[Stored records]
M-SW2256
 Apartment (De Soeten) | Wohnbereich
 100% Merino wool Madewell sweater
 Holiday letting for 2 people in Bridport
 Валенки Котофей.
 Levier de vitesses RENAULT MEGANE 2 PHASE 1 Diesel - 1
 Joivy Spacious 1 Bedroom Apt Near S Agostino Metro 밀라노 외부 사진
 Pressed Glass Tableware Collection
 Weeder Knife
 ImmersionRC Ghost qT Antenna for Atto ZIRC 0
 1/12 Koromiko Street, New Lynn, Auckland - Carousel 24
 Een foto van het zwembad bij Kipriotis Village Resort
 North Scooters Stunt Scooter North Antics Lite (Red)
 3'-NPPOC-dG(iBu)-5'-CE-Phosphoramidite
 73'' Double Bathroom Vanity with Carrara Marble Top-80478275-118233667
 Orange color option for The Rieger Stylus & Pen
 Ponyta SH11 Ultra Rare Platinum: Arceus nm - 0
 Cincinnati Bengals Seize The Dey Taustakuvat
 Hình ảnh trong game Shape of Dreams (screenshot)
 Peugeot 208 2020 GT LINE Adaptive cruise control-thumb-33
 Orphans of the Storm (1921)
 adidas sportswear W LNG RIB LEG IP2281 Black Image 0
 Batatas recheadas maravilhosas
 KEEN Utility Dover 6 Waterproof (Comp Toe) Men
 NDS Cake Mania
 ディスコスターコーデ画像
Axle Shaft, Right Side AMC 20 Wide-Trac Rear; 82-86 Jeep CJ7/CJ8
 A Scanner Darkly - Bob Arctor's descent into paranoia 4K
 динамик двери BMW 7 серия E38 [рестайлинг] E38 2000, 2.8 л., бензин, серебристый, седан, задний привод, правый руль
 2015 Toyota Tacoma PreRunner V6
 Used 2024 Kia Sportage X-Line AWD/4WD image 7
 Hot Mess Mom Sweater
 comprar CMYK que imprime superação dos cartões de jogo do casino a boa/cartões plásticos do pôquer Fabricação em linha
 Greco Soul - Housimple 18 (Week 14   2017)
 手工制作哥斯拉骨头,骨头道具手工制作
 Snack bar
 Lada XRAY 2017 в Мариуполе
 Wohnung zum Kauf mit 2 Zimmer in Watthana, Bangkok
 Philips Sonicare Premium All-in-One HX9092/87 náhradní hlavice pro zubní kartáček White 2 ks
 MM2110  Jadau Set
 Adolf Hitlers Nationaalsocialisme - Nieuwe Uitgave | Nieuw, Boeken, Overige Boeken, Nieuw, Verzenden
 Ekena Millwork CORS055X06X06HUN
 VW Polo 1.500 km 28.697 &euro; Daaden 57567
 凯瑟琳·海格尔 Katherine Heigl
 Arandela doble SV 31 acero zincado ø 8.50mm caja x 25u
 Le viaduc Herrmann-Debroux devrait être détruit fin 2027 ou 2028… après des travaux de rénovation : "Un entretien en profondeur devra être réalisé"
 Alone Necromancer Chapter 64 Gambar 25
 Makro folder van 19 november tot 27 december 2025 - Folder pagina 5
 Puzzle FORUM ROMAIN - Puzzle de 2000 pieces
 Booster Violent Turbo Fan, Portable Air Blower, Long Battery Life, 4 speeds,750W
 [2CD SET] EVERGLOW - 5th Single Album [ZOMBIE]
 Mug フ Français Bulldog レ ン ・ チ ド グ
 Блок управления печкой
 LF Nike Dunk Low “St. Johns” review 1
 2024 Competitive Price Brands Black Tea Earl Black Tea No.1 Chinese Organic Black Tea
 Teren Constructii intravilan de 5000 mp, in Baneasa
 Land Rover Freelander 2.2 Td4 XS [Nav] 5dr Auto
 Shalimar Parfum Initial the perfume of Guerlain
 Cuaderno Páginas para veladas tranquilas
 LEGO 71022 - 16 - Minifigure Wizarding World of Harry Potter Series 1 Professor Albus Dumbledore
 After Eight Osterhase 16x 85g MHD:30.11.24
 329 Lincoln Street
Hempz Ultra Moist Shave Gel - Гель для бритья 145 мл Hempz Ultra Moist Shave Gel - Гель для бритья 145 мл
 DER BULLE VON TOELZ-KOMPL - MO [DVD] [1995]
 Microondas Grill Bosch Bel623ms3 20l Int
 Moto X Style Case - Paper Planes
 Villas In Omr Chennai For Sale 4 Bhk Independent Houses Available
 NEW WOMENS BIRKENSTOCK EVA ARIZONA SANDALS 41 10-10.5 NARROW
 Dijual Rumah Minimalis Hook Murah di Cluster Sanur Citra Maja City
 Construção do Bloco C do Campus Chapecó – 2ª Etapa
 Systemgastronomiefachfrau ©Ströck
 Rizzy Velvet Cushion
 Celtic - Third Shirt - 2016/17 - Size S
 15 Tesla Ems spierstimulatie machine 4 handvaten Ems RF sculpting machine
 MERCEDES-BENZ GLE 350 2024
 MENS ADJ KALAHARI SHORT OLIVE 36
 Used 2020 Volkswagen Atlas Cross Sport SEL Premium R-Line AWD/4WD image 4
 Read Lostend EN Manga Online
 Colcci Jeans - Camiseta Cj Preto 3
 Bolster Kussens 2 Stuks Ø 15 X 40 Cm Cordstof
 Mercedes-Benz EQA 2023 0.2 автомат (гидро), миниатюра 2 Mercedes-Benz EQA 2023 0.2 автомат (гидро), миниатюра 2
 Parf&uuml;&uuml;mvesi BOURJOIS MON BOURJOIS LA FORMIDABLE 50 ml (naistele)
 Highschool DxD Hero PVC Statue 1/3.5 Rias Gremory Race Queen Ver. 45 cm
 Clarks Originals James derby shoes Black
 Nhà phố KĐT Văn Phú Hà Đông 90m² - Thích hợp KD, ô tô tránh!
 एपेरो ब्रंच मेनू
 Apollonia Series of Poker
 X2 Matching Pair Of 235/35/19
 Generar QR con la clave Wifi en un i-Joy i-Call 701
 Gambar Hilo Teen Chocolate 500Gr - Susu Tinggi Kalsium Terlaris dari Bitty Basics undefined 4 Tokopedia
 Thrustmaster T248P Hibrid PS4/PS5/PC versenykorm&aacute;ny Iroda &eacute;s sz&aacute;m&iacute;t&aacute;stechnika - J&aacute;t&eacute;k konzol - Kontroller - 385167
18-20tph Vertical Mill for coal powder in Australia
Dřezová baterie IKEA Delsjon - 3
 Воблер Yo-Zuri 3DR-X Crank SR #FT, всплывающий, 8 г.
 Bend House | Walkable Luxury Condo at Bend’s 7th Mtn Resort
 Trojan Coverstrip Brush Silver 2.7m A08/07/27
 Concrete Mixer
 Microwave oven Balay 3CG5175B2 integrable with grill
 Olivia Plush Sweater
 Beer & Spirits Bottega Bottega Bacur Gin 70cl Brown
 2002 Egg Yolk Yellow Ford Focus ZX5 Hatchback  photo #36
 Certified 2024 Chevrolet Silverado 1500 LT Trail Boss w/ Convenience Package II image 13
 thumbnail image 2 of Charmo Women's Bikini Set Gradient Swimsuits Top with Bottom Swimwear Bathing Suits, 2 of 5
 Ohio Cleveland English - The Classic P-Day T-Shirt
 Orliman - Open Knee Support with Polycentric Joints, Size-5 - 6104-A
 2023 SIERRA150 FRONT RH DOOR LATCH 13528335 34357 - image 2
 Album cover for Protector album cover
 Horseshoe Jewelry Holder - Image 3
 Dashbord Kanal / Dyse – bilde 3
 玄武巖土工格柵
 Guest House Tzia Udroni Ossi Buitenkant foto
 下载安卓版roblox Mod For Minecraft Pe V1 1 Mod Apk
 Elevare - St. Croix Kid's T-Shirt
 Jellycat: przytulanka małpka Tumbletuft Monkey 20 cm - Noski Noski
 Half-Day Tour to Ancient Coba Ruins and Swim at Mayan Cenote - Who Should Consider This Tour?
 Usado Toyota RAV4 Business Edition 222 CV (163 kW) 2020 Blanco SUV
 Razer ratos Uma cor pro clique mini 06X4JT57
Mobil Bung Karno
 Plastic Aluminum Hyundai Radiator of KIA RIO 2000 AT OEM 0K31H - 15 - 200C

* [Exercise objective]:
List every line in the records above that contains the word "Toyota".

* [Result of the task]:
 2015 Toyota Tacoma PreRunner V6
 Usado Toyota RAV4 Business Edition 222 CV (163 kW) 2020 Blanco SUV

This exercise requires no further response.